• Task directions:
From the records below, transcribe only the lines running from the one with "Capa do livor" through the one with "Sticker | Fade Mangos". Keep both of those end lines.

• Exercise data:

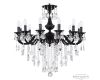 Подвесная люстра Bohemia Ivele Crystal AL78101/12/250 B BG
...
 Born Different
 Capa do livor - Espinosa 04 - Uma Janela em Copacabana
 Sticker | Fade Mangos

• Problem solution:
 Capa do livor - Espinosa 04 - Uma Janela em Copacabana
 Sticker | Fade Mangos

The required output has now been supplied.